First time asker so let me know if I can clear anything up.
I am trying to predict the winning probabilities of horse’s in horse racing. I am using the mlogit package to do so. My current method of testing is I have ~50 engineered features. I select 5 at random and train the model. I then compare the winning probability to the markets odds for all horses. If the odds are higher than what my model predicted I use Kelly Criterion to have a bet on that horse. For a certain 5 features I can get a profit of ~15% against the test data (50/50 split) but then I run the model on the training data that was used to train the mlogit model and it give -20% profit.
Is this expected?
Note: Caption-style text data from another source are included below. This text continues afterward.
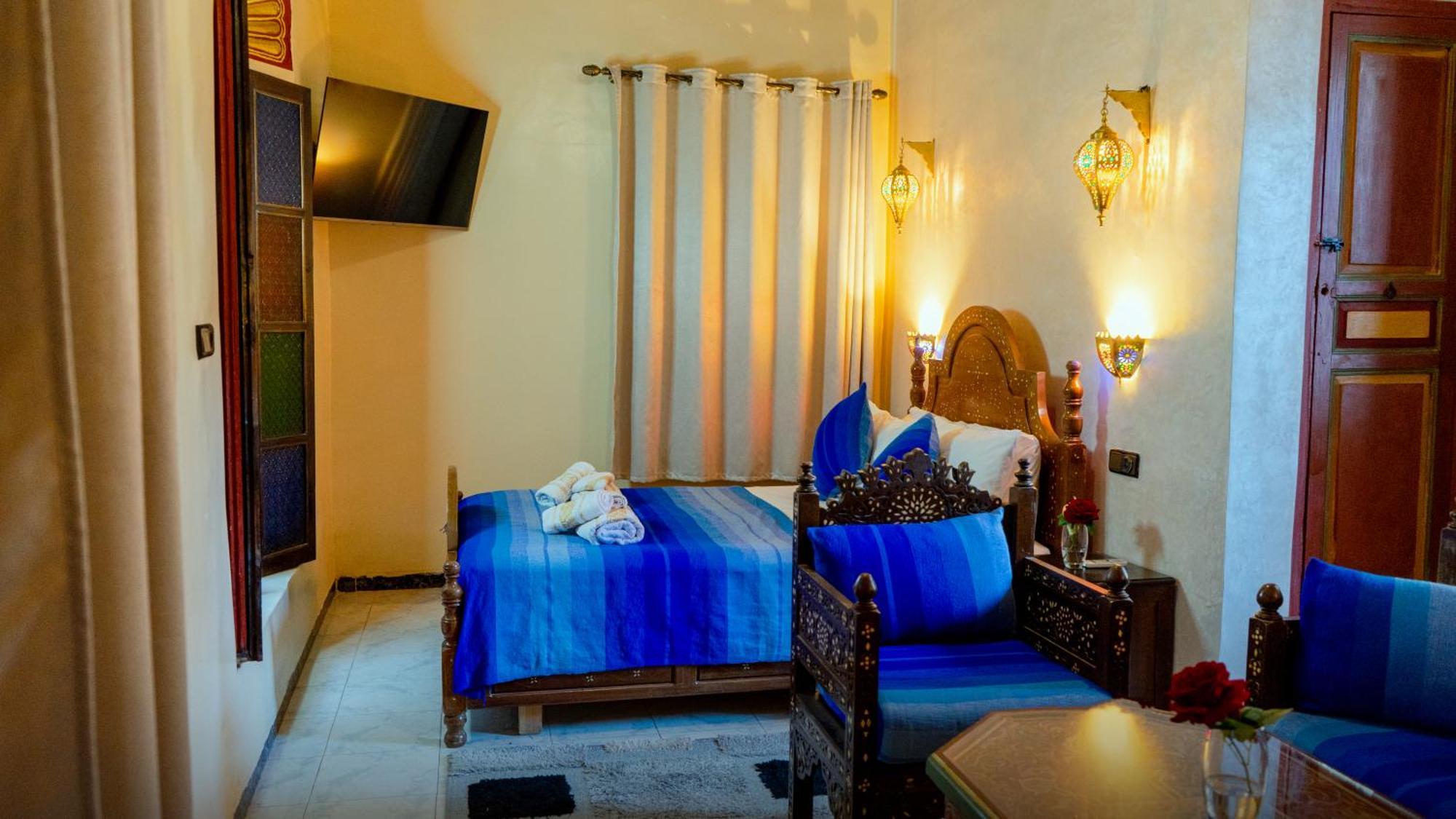 Riad Dar El Ouedghiri Fes Exterior photo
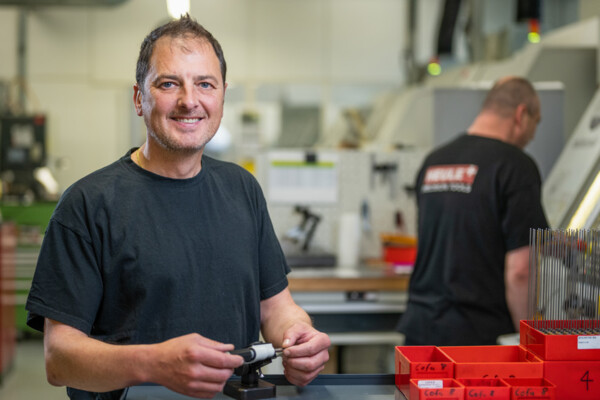 HEULE Mitarbeiter während der Produktion der Entgratwerkzeuge. heule-produktion-entgratwerkzeuge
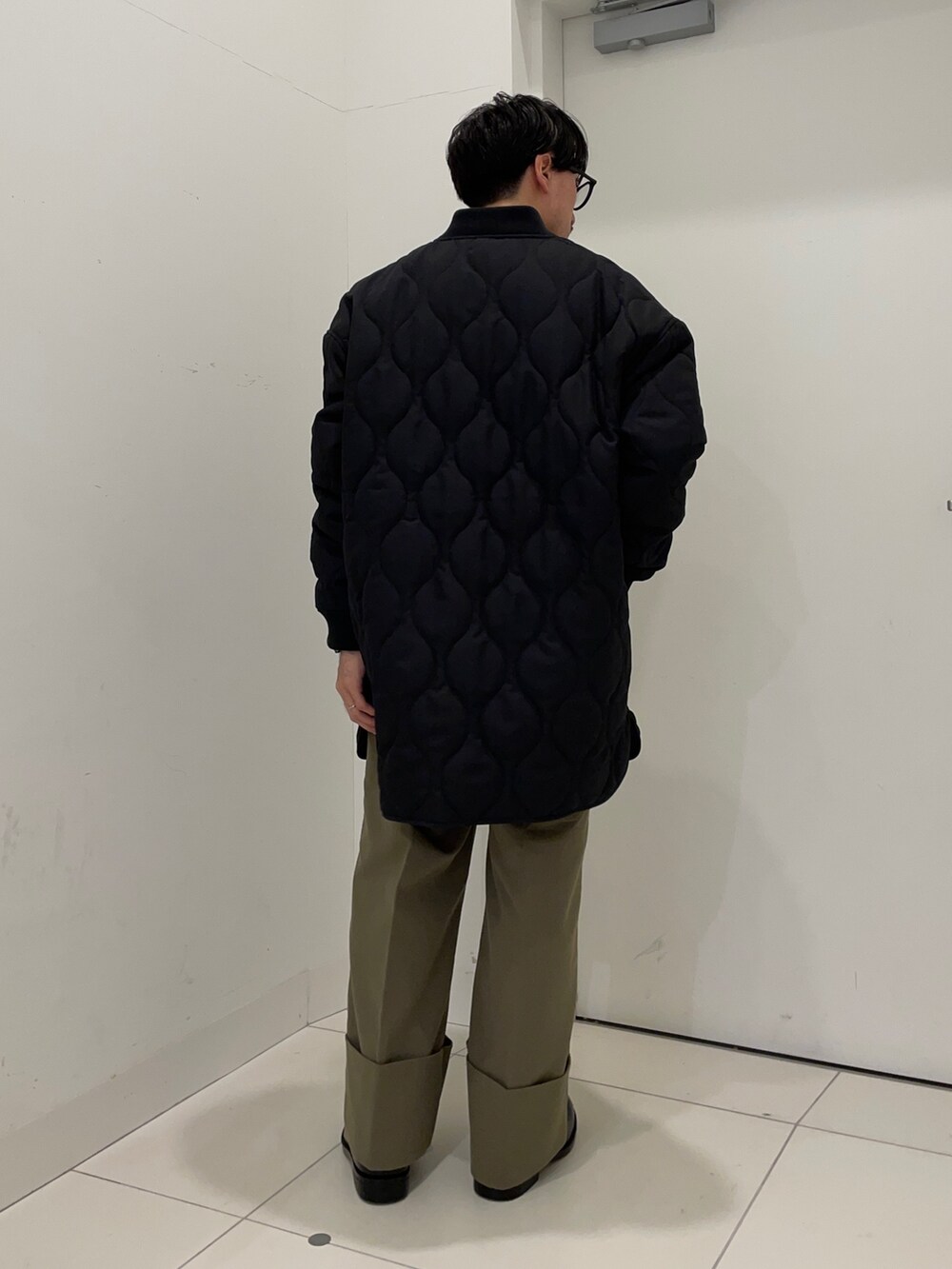 ホワイト系のダウンジャケット/コートを着用したメンズの冬コーディネートの3枚目の写真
Why would it preform well on test data but not on training data?
Cheers
y<-mlogit.data(dsTest,shape="long", id.var="Raceno")
x<-mlogit.data(dsTrain_after,choice="Wincol",shape="long", id.var="Raceno")
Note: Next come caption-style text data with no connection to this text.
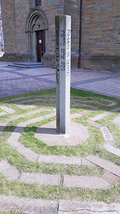 Labyrinth und Friedensmahner als Blickfang vor der Kirche, 16 Jahre nach seiner Errichtung im Jahre 2005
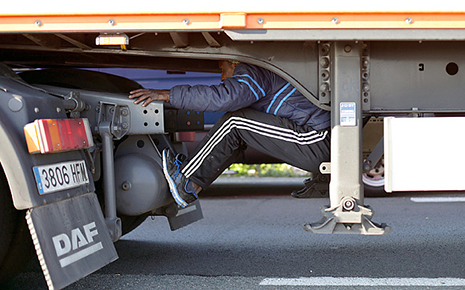 French police clash with migrants at Channel Tunnel - VIDEO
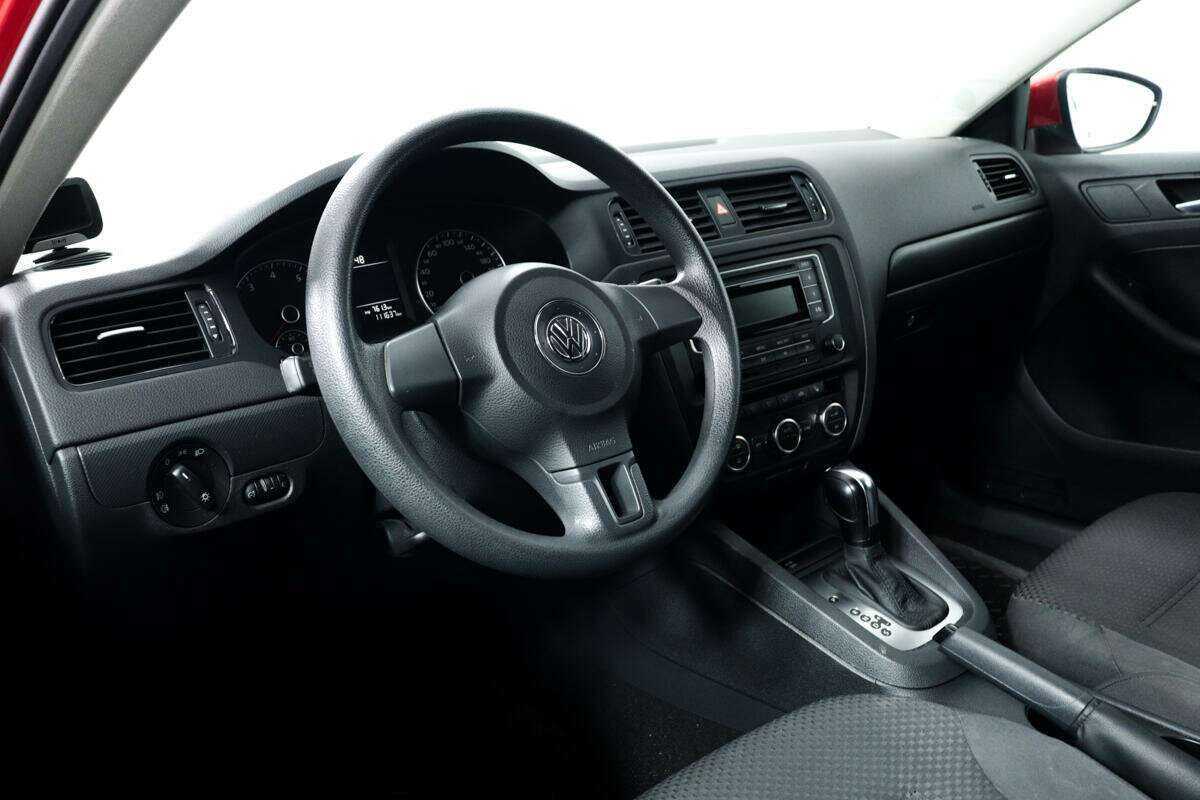 Купить Volkswagen Jetta с пробегом. Фото: #12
mymod <- (mlogit(Wincol ~ Start_Price_Standardized + Top3_All_From_3_Races_Standardized +
Number_Standardized + length_model_no_price_pred + length_model_price_pred +
place_model_price_pred - 1, data=x))
I think this only shows that you a a misalignment between what your model does, and how you are evaluating its success. your model predicts odds of winning a race, and you havent shared with us its performance over train/test for that…. your model wasnt developed to turn you a profit, yet you showed that using it the way you do leads to poor or at least erratic performance in the profit domain.